Combattons la précarité sans nous laisser diviser
En 2018, la Communauté genevoise d’action syndicale (CGAS) a lancé une initiative populaire cantonale pour instaurer un salaire minimum légal de 23 frs de l’heure à Genève, correspondant à 4086 frs pour un plein temps de 41 heures hebdomadaires. Cette initiative a été acceptée en votation populaire le 27 septembre 2020, par 58,16% des votant-e-s.
A Genève, 9,4% des travailleurs-euses gagnaient un salaire inférieur à ce montant.
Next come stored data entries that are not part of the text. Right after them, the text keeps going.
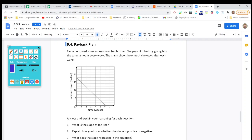Elena borrowed some money from her brother. She pays him back by giving him the same amount every week. The graph shows how much she owes after each week. The amount owed in dollars is on the y-axis and time in weeks is on the x-axis. Number one: what is the slope of the line? You know how to find slope — rise over run. Pause the video and find the slope of the line on your own, then check your answer with mine.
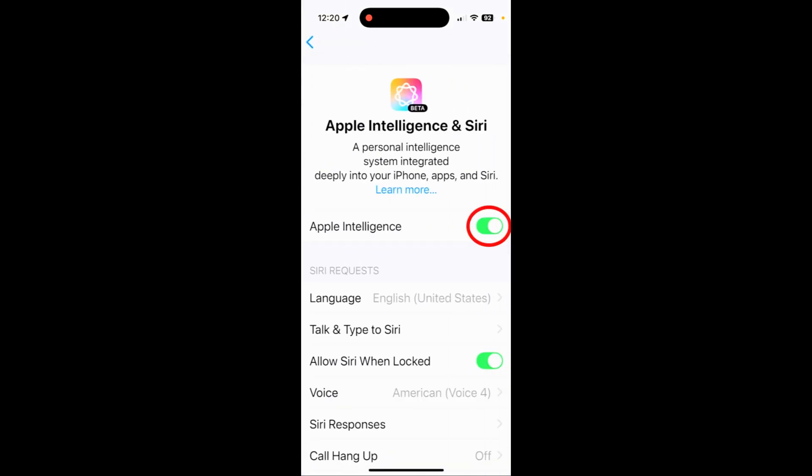I have mine turned on. Even if you have yours turned off, in the future you might decide to turn it on or use it here and there. I highly recommend that you turn it on and follow this step, because once you forget this video, you're going to miss a critical piece of information.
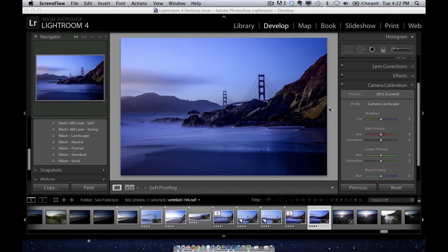Last week I released some presets for the profiles in the camera calibration panel in Lightroom, and I realized there were a lot of questions around the presets. I kind of did a poor job explaining them because these were actually different presets than normal.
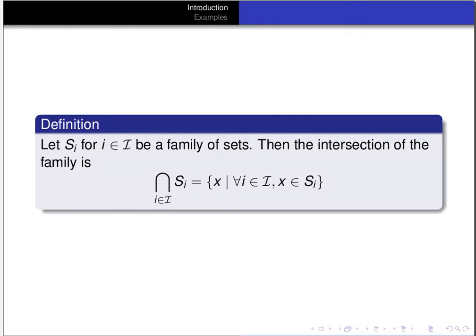To be in the intersection, you have to be in every single one of the sets. It consists of all x such that for all i in the index set I, x is an element of the set S_i. So to be in the intersection, you have to be in all the sets; to be in the union, you have to be in at least one of the sets.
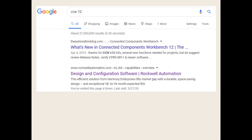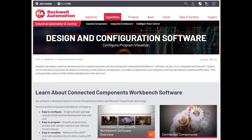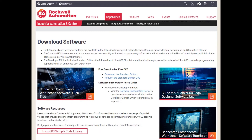Let's go to Rockwell Automation, find it, and download it. The obvious answer for where to find the software is to Google it. Use 'CCW 12' — if you just put CCW, you're liable to get concealed carry weapons permit information. Throw on the 12 and one of the first two or three selections is going to say Rockwell Automation. Click on that and it's going to take you to the Connected Components Workbench page. Scroll down and you see the important thing: download software. There's only one download choice — download the standard edition.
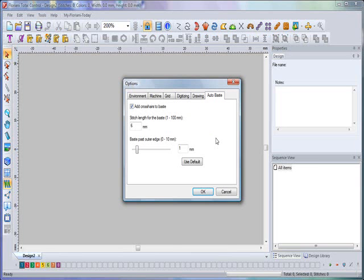You can base pass your outer edge and actually set the distance that you want the base stitch to be around any given design that you have on the screen. The base feature is a brand new feature in the software. I'm very excited about that. I will utilize that lots of times as I digitize and as I run my embroidery designs. That's the options tab. Let's go ahead and continue on.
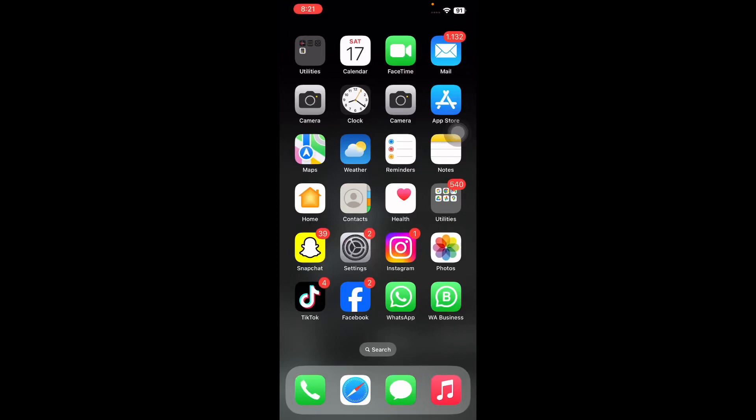Hello everyone, welcome back to another video. So in this video, I'll tell you how to fix apps not showing in settings.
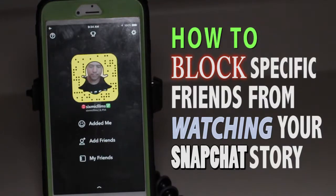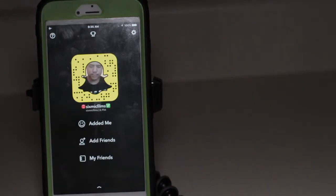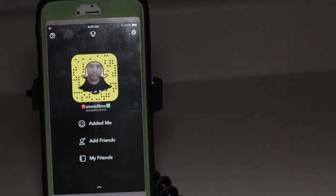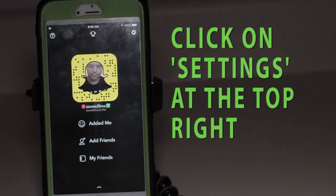What's up guys, thanks so much for joining me. This is Void Thornton, 6micfilms on Snapchat. On today's episode it's going to be very quick — I just want to show you a quick way how to block certain friends from viewing your story.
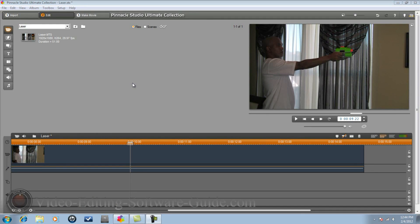Hey guys, time for another tutorial from videoEditingSoftwareGuide.com. Today we're doing the laser effect in Pinnacle Studio Ultimate Collection HD. Let's get into it.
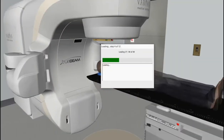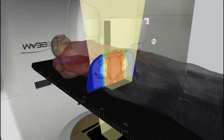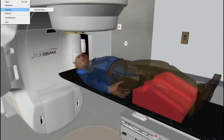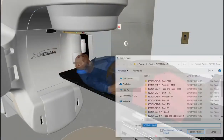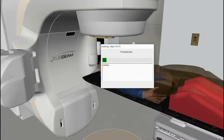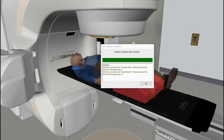VIRT supplies a range of DICOM data containing treatment plans of an assortment of body sites and techniques. These can be used by teaching departments to talk through the evolution of radiation therapy, as well as introducing the most up-to-date techniques.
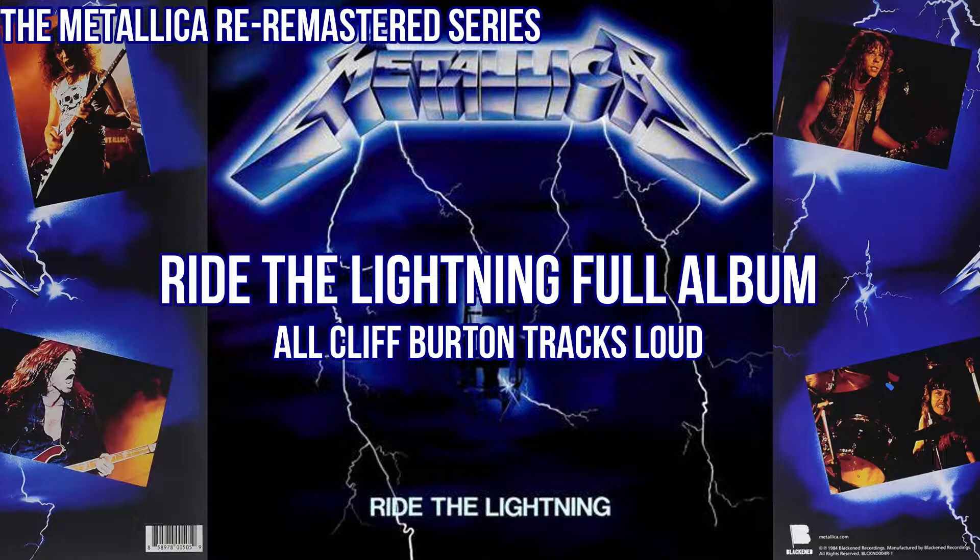To hear this bass track in action, please check out my Ride the Lightning full album loud bass. It has all 8 Cliff Burton tracks loud. You will not be disappointed.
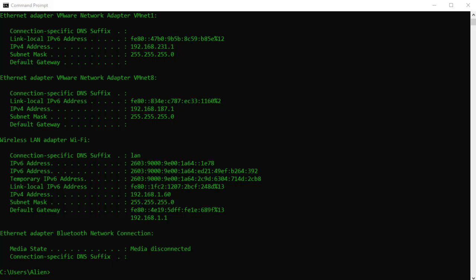I just typed ipconfig and here you can clearly see that my machine has an IPv4 address and an IPv6 address. It's not an IPv6 video, so just leave it at that.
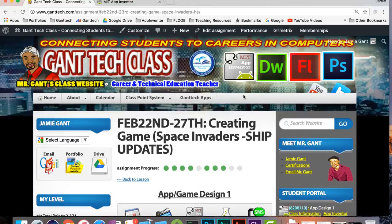Welcome to the Gantech tutorial for App Design 1. This is the tutorial on Space Invaders version 4, which is about ship updates.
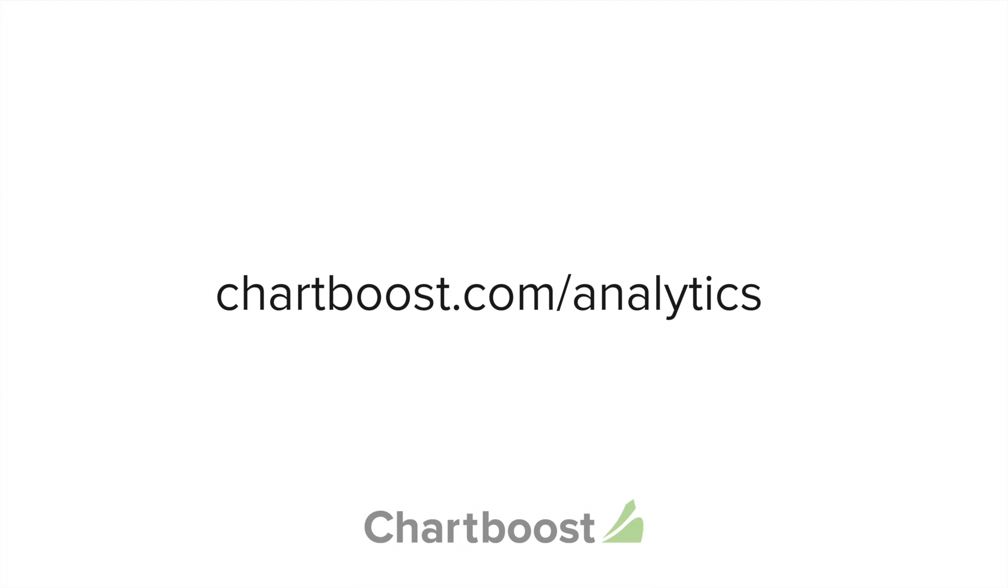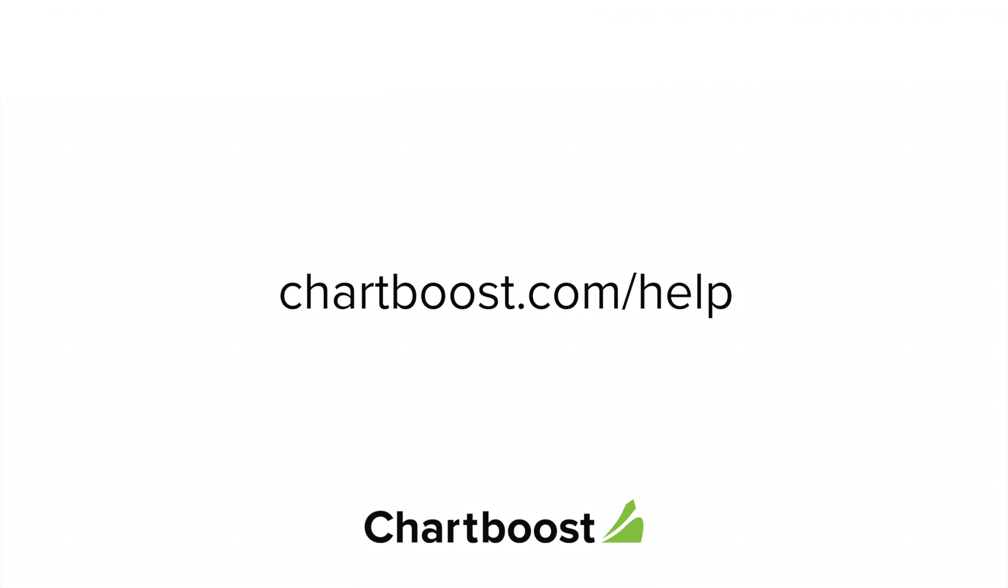For more information on Chartboost's App Analytics, check out chartboost.com/analytics. For anything else Chartboost related, please visit chartboost.com/help.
Conséquences : même en travaillant à plein temps, ils-elles n’arrivaient pas à joindre les deux bouts à la fin du mois, et devaient recourir à de multiples aides sociales pour survivre, dans une des villes les plus chères – et plus riches – du monde.
Alors que d’aucun-e-s tentent de rejeter la responsabilité de cette précarité sur les travailleurs-euses eux-elles mêmes, en particulier sur les étrangers-ères et les frontaliers-ères, l’introduction d’un salaire minimum légal permet véritablement de lutter contre la pauvreté découlant du travail mal rémunéré, en agissant sur les véritables responsables de cette précarité : les patrons qui se livrent à la sous-enchère salariale.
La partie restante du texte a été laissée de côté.